I’ve run IR, FP&A, and field operations during my time here. I spent three years as our chief communications officer, overseeing all elements of our communications strategy and program, from public relations to analyst relations to community relations to internal communications. I spent a brief stint of less than a year as our chief marketing officer while we were recruiting to fill the role permanently. While unconventional, I would not have traded these opportunities for anything. 

The communications work helped me hone my storytelling and learn to influence through communication. I think it helps me today to better communicate with our shareholders, and marketing reinforced my desire to be a customer-focused, customer-centric leader. This is something that I’ve tried to extend into how I manage our finance teams. All of my experiences have allowed me to have a much greater impact on the organization, and I think have allowed me to support the organization in a CFO capacity better. I’ve been in my current role for about a year and a half. 

It’s by the way. Thanks a lot. You took my next three questions. I was interested in your point about having an unconventional career path. I love the fact that you were the first one to bring up a sports metaphor of a utility player because I often get criticized— I cannot go three minutes without making a Boston sports reference. You beat me to the sports thing. I was curious because we’ve probably had about 40 or 50 guests, and you’re the first person who ever came from a marketing role. I know it wasn’t your career thing, but you did it for nearly a year if I remember correctly. I’m guessing it was meant to be several weeks and ended up being months or something. 

That’s exactly right. 

I am curious. You touched on this a little bit, but how did something like that make you a better financial person? Do you think having better interaction with the product, the customers and the sales team is a good thing for a CFO to expose himself or herself to? 

A CFO must expose themselves to that. For me, I’ve always been somebody who has a customer-centric approach. I think this is something that, in a marketing seat, I had to spend a lot of time on. Having run IR, the product, in great detail, you understand the customer challenges it solves. In a marketing role, you have to put yourself in the mind of your customers. 

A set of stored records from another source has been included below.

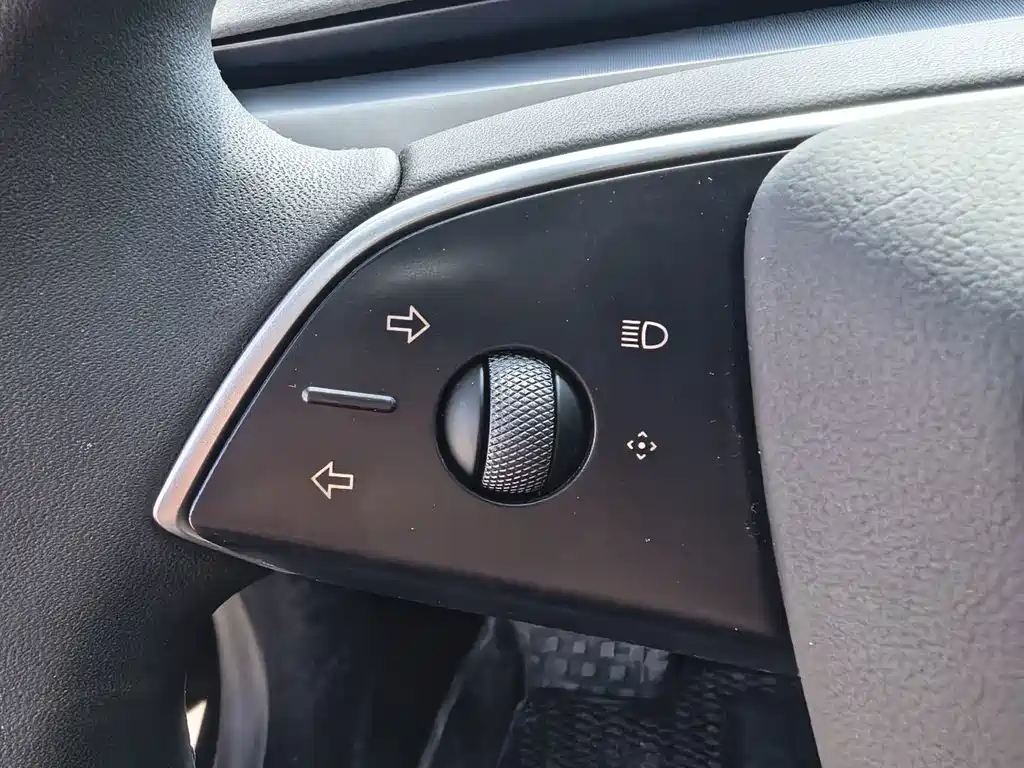 Tesla Model 3 — фото 9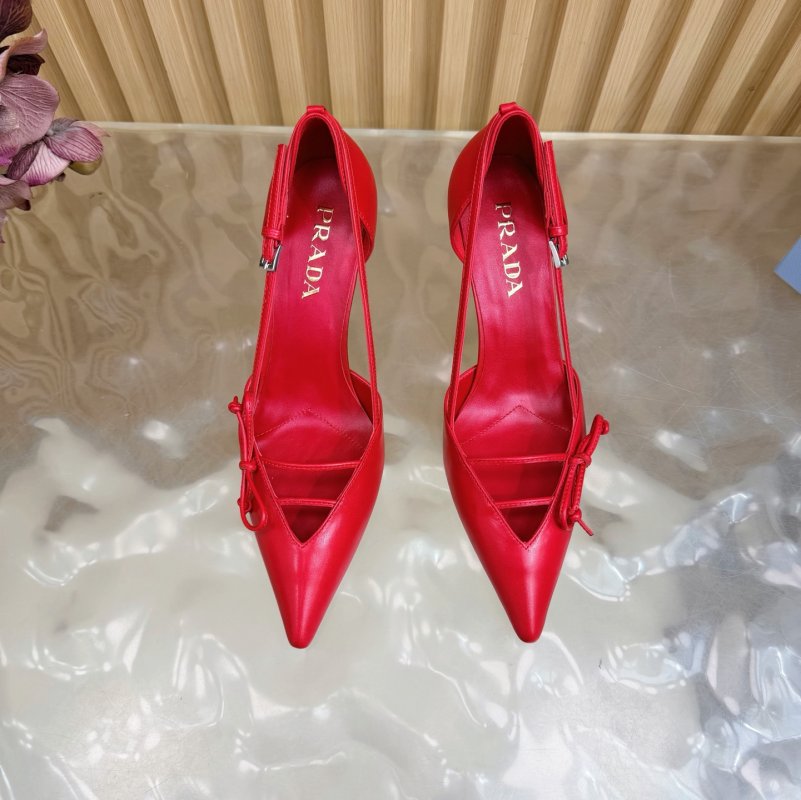 Туфлі на високому підборах з гострим носком фото 6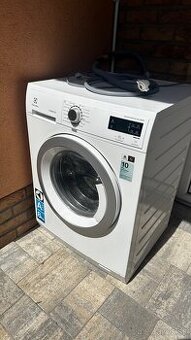 Predám práčku Electrolux 8kg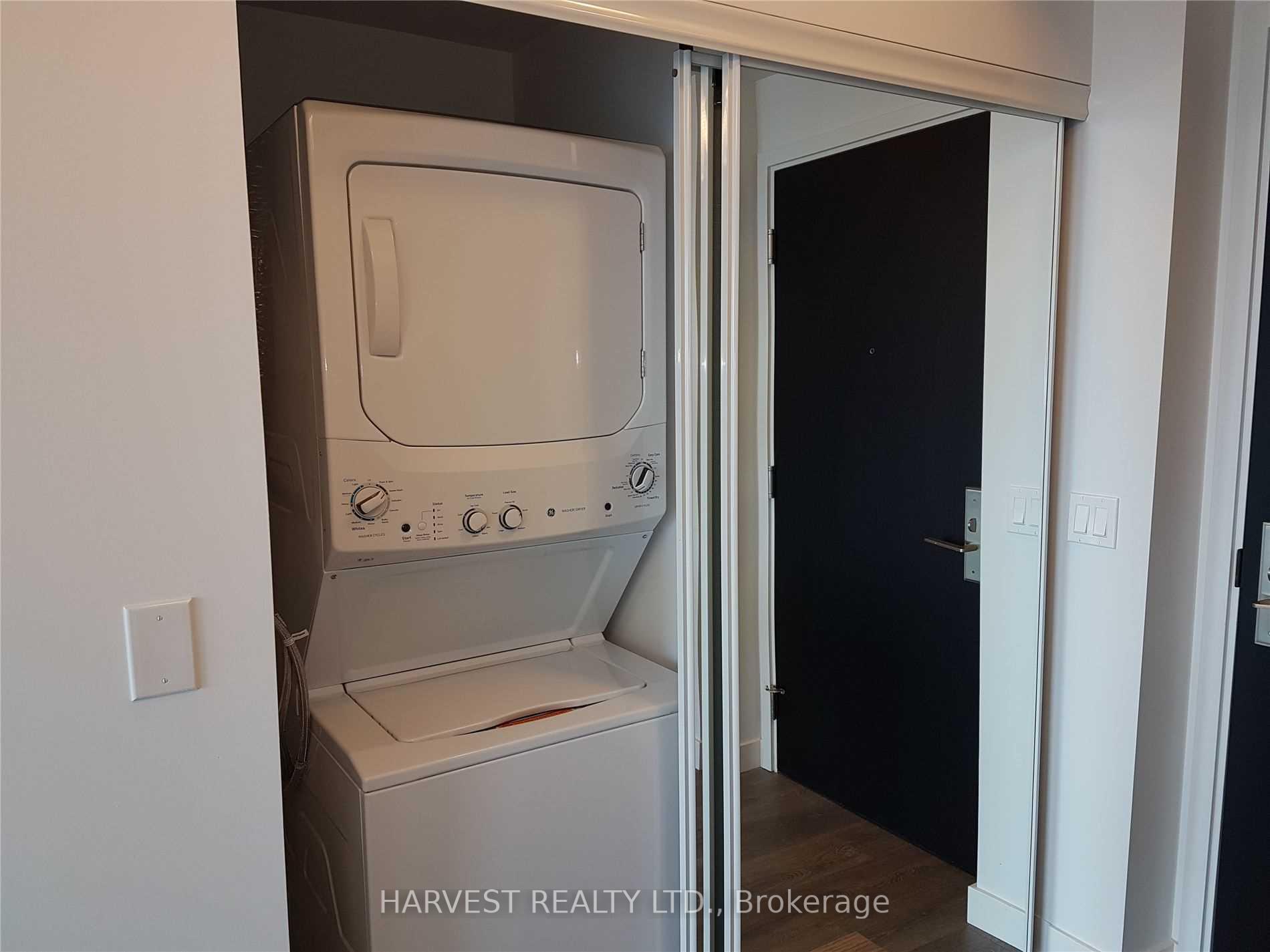 Photo 12 of Unit 5010, 8 Eglinton Avenue E, Toronto, Mount Pleasant West — HOMEH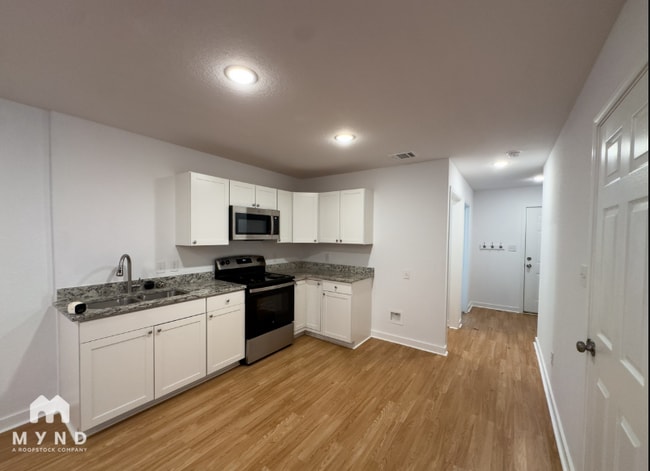 Building Photo - 3034 W Salinas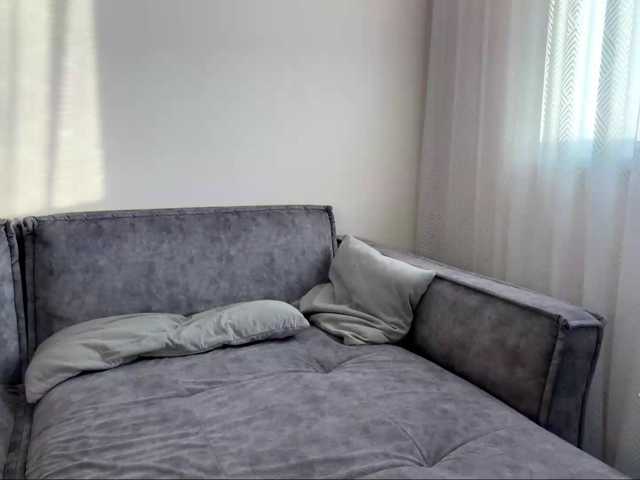 teenmia live cam on BongaCams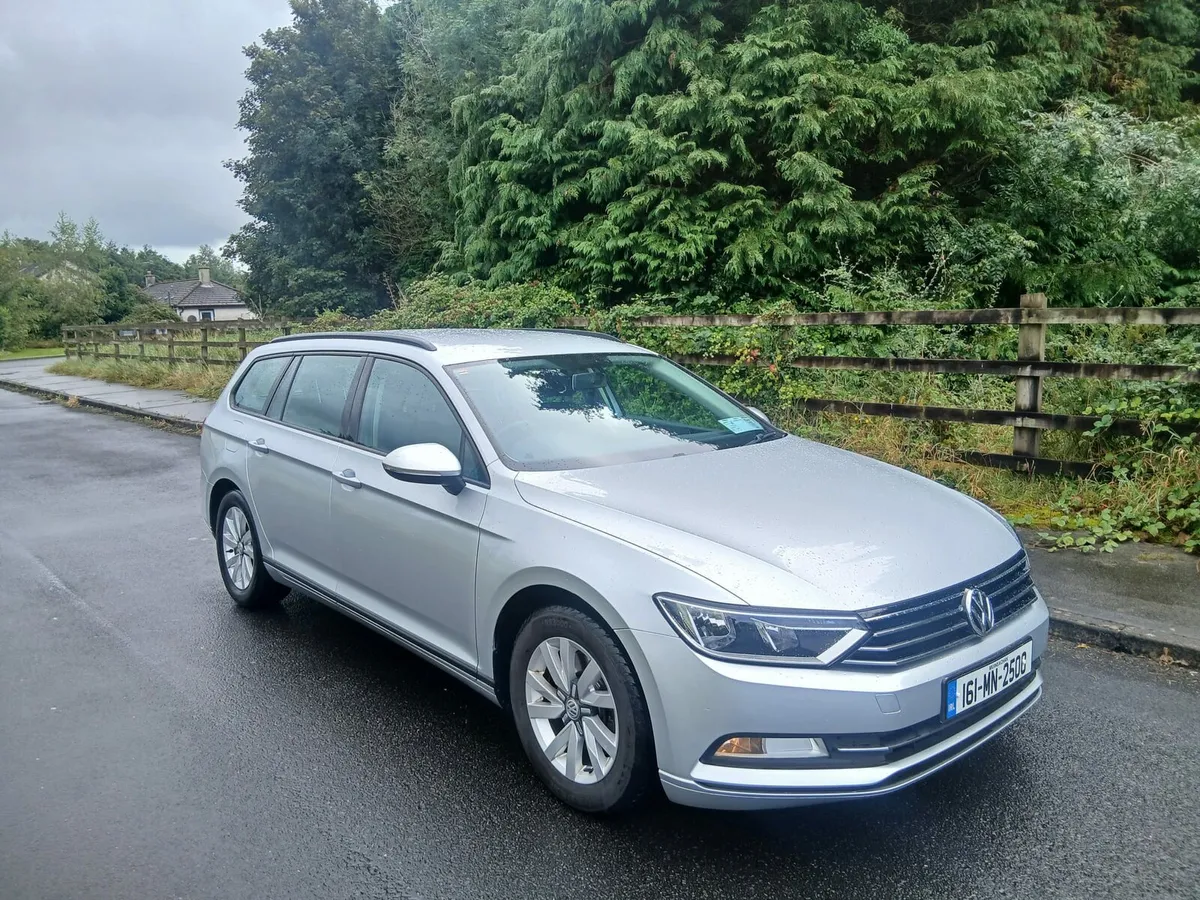 2016 volkswagen passat - Image 1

That experience was invaluable to me. I think it has shaped how, sitting here, finance can influence some of the go-to-market motions that support customer retention or sales compensation. How we motivate our sellers influences our ability better to service our sellers through our services and support functions. I picked up many things in that marketing seat, and the communications role has been quite transferable to what I do now. 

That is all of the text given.